En août 1958, ils ne sont que six éleveurs à lancer l’aventure sur la place de Loué, dans l’ouest de la Sarthe. Le marché du village est historiquement reconnu pour la qualité des volailles de la région. La France lance alors le remembrement des parcelles et embraye vers l’industrialisation de son agriculture.
Un discours toujours en phase
Ces éleveurs sarthois s’organisent pour défendre leur production et une certaine idée de la qualité de l’alimentation. "Je suis surpris de voir à quel point ce discours était moderne et avant-gardiste pour l’époque. Tout était déjà dedans", s’étonne encore Erwan de La Fouchardière, directeur des Fermiers de Loué depuis moins d’un an, en visionnant un documentaire d’archives dans lequel s’exprime Armand Boudvin, fondateur et premier président de la coopérative, la Coopérative Agricole des Fermiers de Loué (la Cafel : 413 millions d’euros de chiffre d’affaires en 2023).
Une vision à contre-courant
La première nouveauté amenée par ce groupe d’éleveurs, c’est la création d’un cahier des charges "exigeant". Pour le certifier, des contrôles sont réalisés par un organisme tiers… payé par les producteurs. "Il faut bien comprendre la révolution que cela a été, de financer les contrôles que l’éleveur subit, et de planifier la production, alors que quelques années auparavant (jusqu’en décembre 1949, NDLR) les tickets de rationnement existaient encore !", souligne le directeur.
Plus d’un millier d’éleveurs
Le système se met en place, la mayonnaise prend.

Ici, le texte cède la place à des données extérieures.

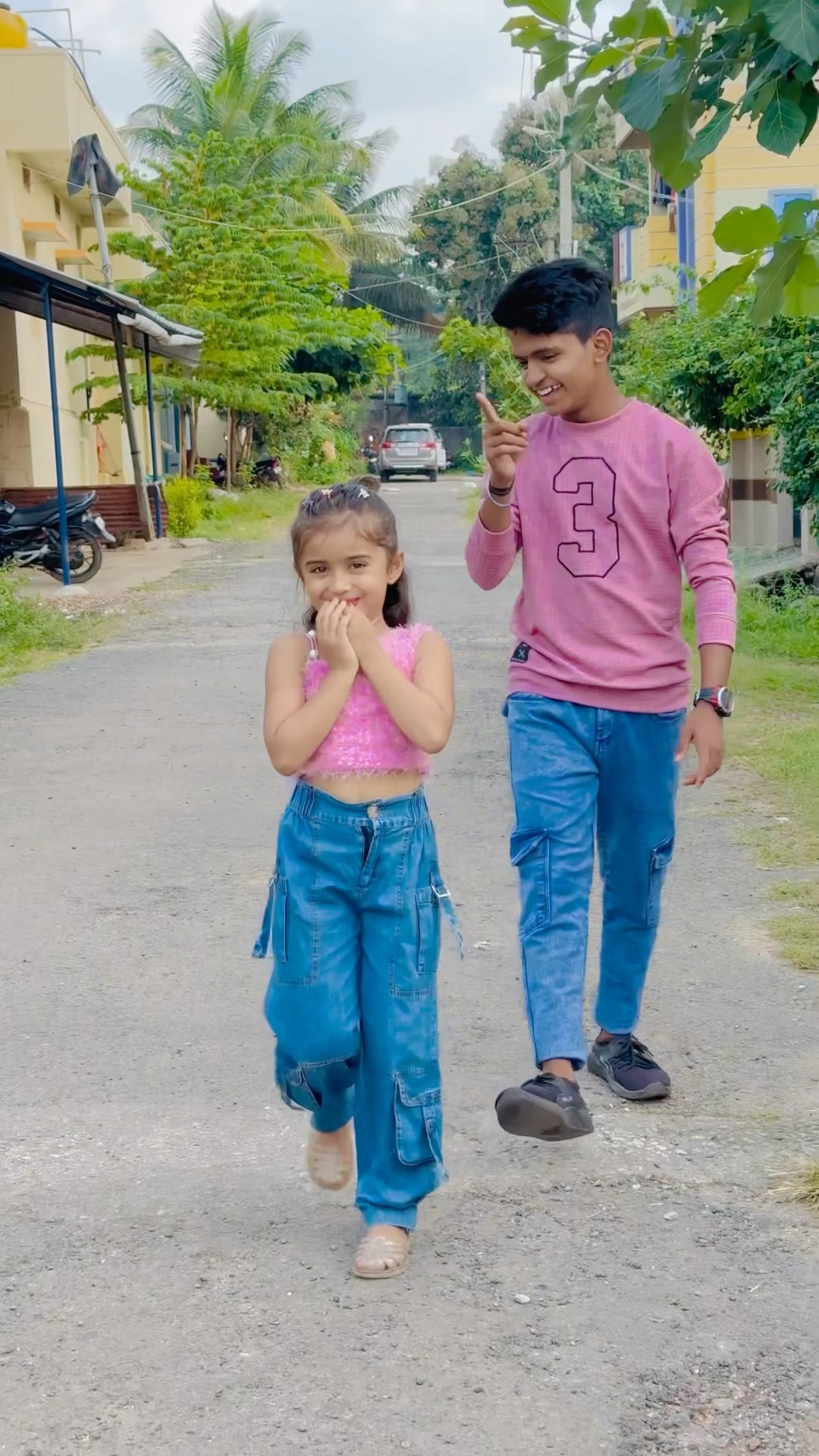 Oh my god, she’s acting ???? @nishita1962 #yedayung #trending #couple #love #viral #ytshorts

L’extension se fait canton par canton, jusque dans un rayon de soixante kilomètres autour du village de Loué. La coopérative compte aujourd’hui 1 100 producteurs adhérents, gérant un parc d’environ 2 400 poulaillers produisant 30 millions de volailles et 500 millions d’œufs par an à travers 25 cahiers des charges Label Rouge ou bio.
Un pied dans l’industrie
La Cafel dispose de ses propres outils industriels. Les sociétaires sont maîtres de leur sélection, avec la création de la Sasso depuis 1978, et de l’accouvage, depuis le rachat de la Safel en 1993. Ils ont toutefois décidé de ne jamais investir dans l’aval. Il y a vingt-cinq ans, les poulets de Loué ont même opté pour un abatteur unique, contre quatre auparavant : LDC, le partenaire historique avec la famille Lambert.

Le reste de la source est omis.